Liaisons dangereuses pour la planète - édito

Al Gore himself était à Cannes, ce 22 juin, au Festival international de la publicité. Sa « mission » ? Sensibiliser les publicitaires du monde entier aux enjeux écologiques. Mais, alors que la « maison Terre » est en feu, peut-on continuer de parier sur la seule autorégulation d’un secteur qui, par essence, manipule le réel et nous pousse à surconsommer ?

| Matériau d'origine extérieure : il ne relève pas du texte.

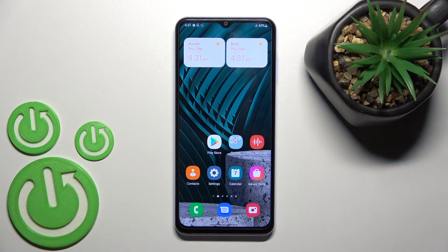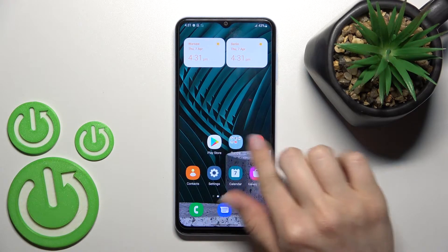Welcome to this tutorial on the Samsung Galaxy A13. I'll show you how to enable or disable Google Discover on this device.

Après l’image de la femme, les publicitaires se sont largement emparés de celle de la nature. Et, tout récemment, d’un volet particulier de la crise environnementale globale : le réchauffement climatique. Le reflet publicitaire, en somme, d’une prise de conscience sociétale alimentée ces derniers mois par le rapport Stern (qui a chiffré le coût de l’inaction sur la question climatique), le film d’Al Gore, les trois nouveaux rapports du GIEC et, bien sûr, le travail de fond réalisé depuis des années par les associations environnementales.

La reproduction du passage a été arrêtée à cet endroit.